Speaking at the National Economic Dialogue conference in Dublin Castle as it emerged an unpublished European Commission report has warned the Government not to cut USC due to the risks this poses to the economy, Mr Donohoe said Ireland’s finances are in a healthy position.
Asked about the European Commission’s latest post-bailout programme surveillance report’s warning that scrapping USC and a series of other Government plans risk overheating the economy, Mr Donohoe said the recovery is firmly in place.
He said any changes will take place in the existing fiscal parameters. “The first step in all of this is to gain a further appreciation of where our prospects for this year. When we are clearer on that, that will allow us to be clearer on resources that are available for 2018,” he said.

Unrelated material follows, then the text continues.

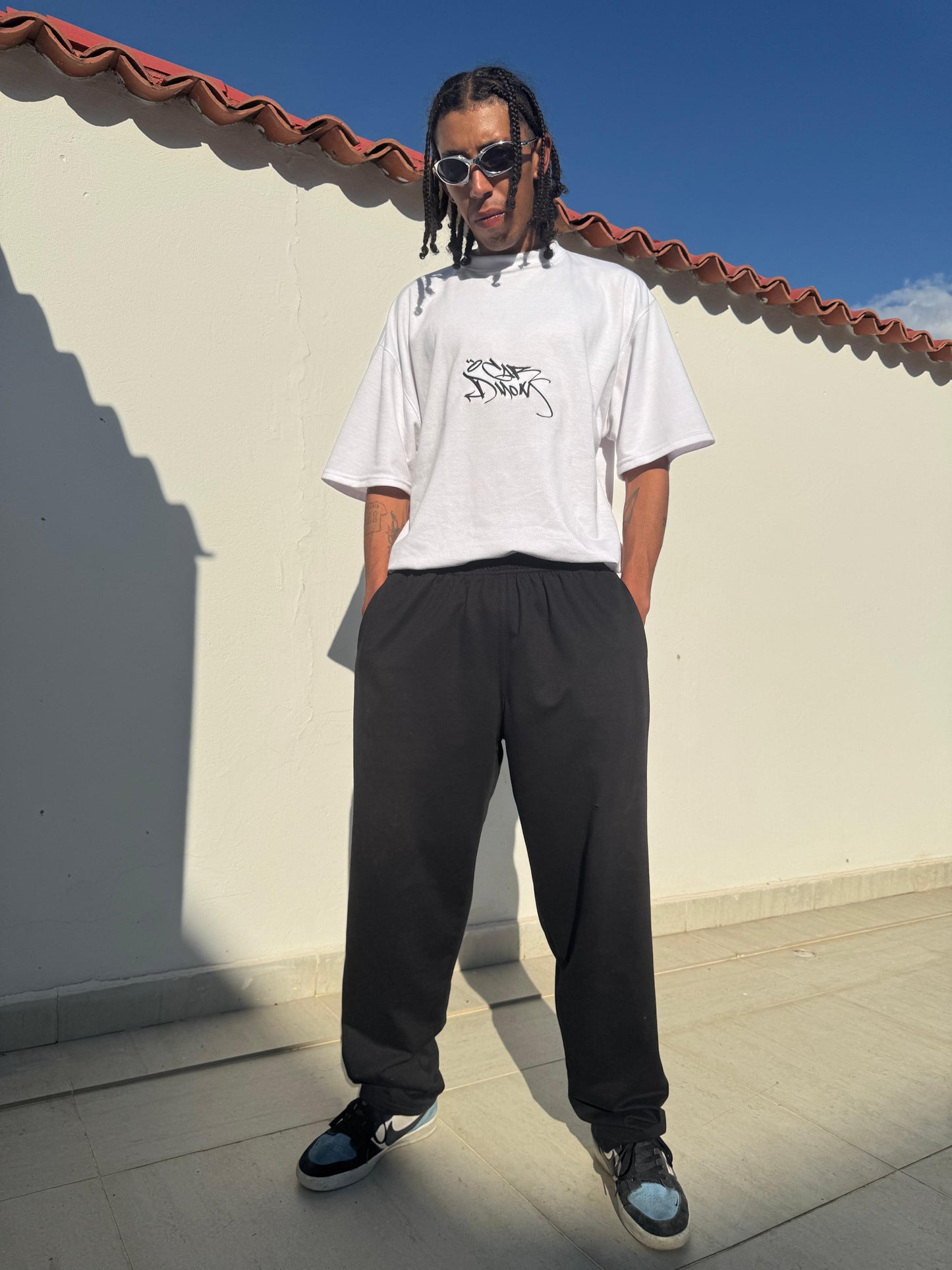 Camiseta Oversize Basica Blanca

“The [Irish] Fiscal Advisory Council chairperson, Seamus Coffey, said today that in their reports they are saying we are not seeing overheating in any key markets at the moment, particularly in our employment market and in our housing market. But what they did raise is the vista that if certain trends, particularly in our labour market continue into 2018 the way they have in 2017, then we might get to a point next year that we have more work in our economy than we have people to do it.”
While just under 275,000 people are on the live register in Ireland, Mr Donohoe’s claim is believed to be based on the fact that a large number of specialised IT, construction and other sectoral jobs may be created next year, with not all positions being able to be filled by existing workers.
However, the suggestion is likely to be criticised by groups who have repeatedly warned that the Government’s widely stated recovery has yet to spread to all parts of the country, with hundreds of thousands of people seeing little, if any, change in their economic fortunes since the official end of the financial crash.
Meanwhile, Mr Donohoe says he agrees fully with Taoiseach Leo Varadkar’s plans to potentially cut income tax levels in the next budget, despite criticism this could result in a hollowing-out of the tax base. He said any changes will be focused on sustainable, long-term improvements for the State.